(Beginning of EXERCISE DATA)

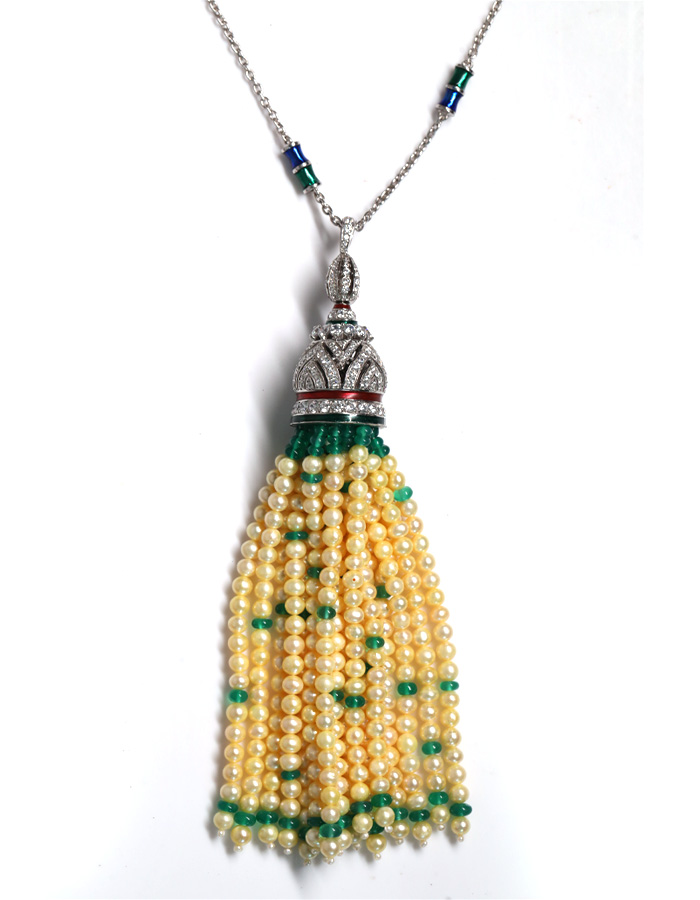 Beaded Tassel Pendant Necklace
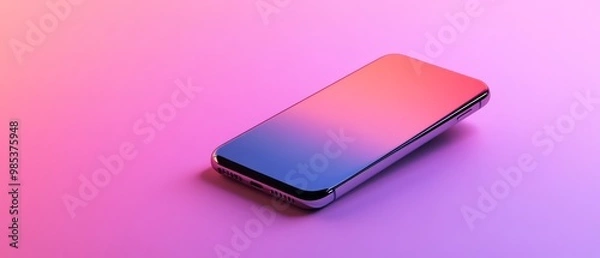 Fototapeta Smartphone on Pink Background with Gradient Screen.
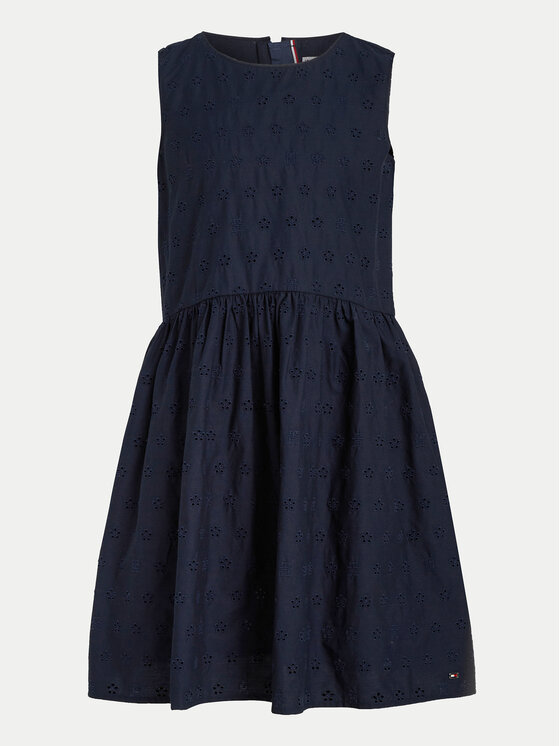 Tommy Hilfiger Tommy Hilfiger Sukienka letnia Anglaise KG0KG07931 M Granatowy Regular Fit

(End of EXERCISE DATA)

Every line above should be returned exactly; the pictures stay out.

◆ **ANSWER TO THE PROBLEM**
 Beaded Tassel Pendant Necklace
 Fototapeta Smartphone on Pink Background with Gradient Screen.
 Tommy Hilfiger Tommy Hilfiger Sukienka letnia Anglaise KG0KG07931 M Granatowy Regular Fit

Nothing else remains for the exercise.